== Your task ==
No pictures should appear in the copy. Reproduce exactly the lines from the one containing "津軽塗（唐塗）バカ塗り・菓子" through the end of the material below.

== Exercise data ==
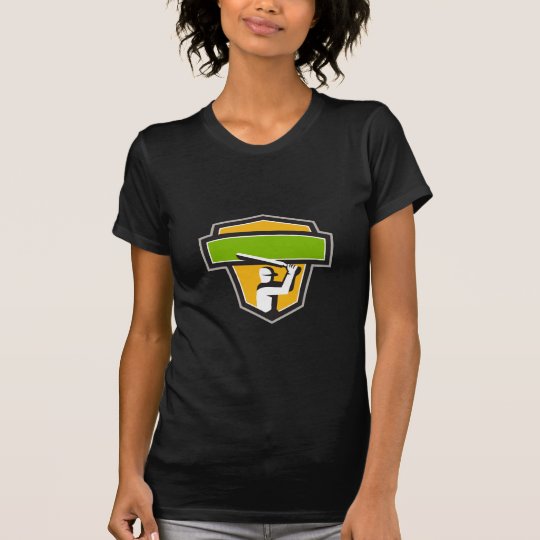 Kricket-Spieler-Schlagen-Wappen Retro T-Shirt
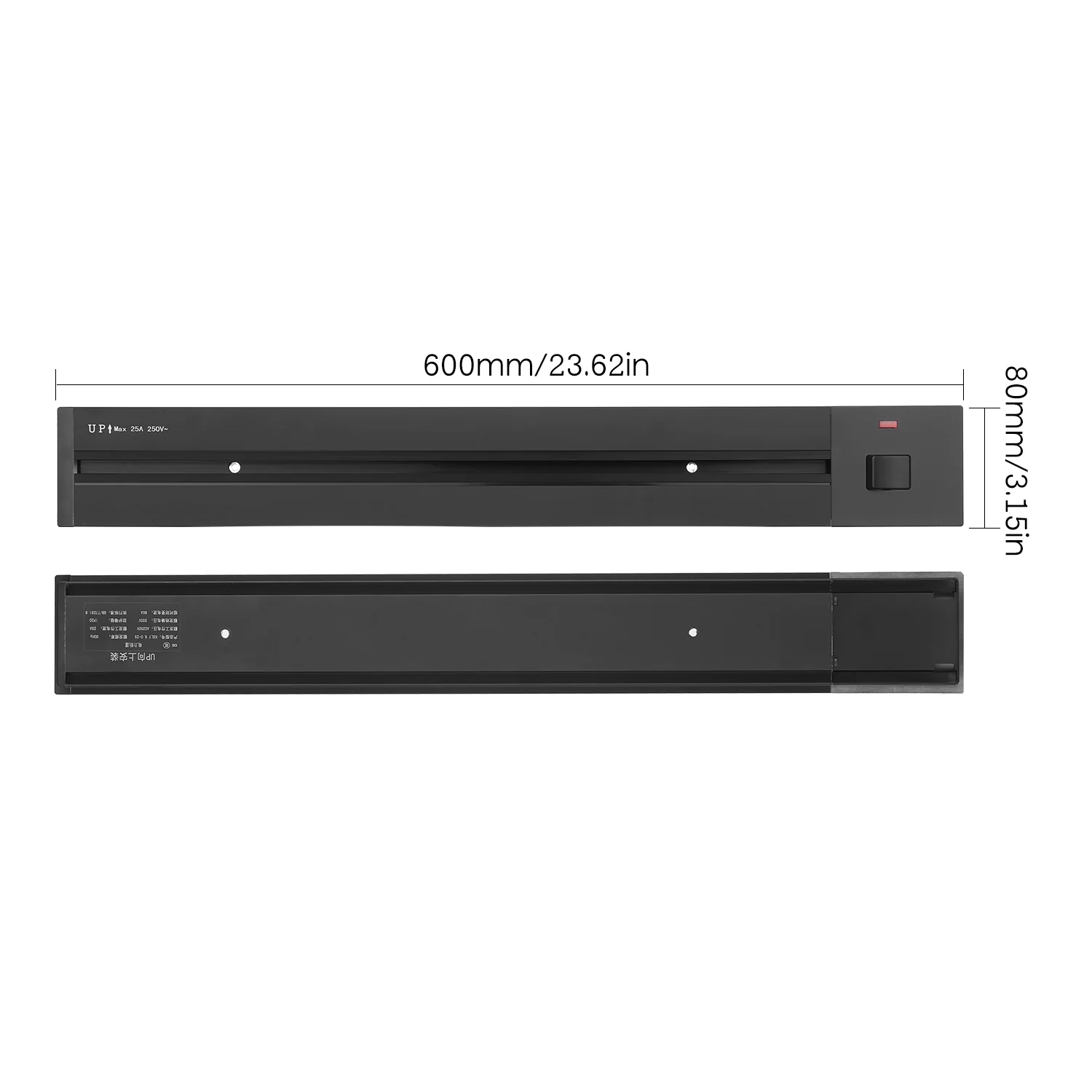 Walmeck Electrical Outlet Track Wall Power Outlet Track 60cm Aluminum Alloy Kitchen Sockets Track Wall Outlet Extension Sliding Rail Works with Movable Power Outlet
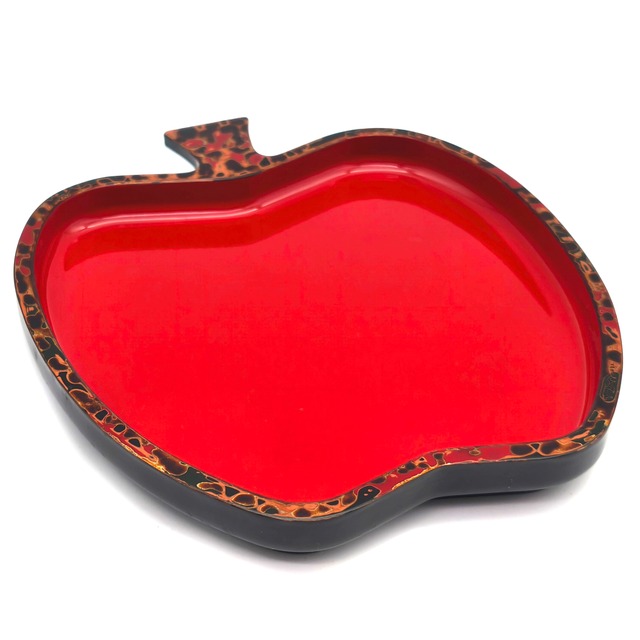 津軽塗（唐塗）バカ塗り・菓子皿・トレー・りんご型・漆器・伝統工芸・No.260312-13・梱包サイズ60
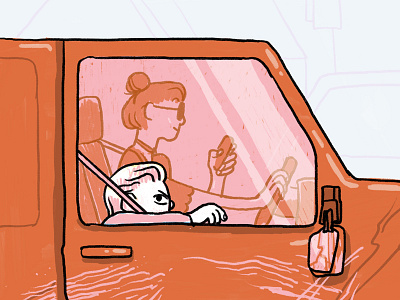 Big Sisters car doodle illustration procreate swerve texting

== Answer area ==
 津軽塗（唐塗）バカ塗り・菓子皿・トレー・りんご型・漆器・伝統工芸・No.260312-13・梱包サイズ60
 Big Sisters car doodle illustration procreate swerve texting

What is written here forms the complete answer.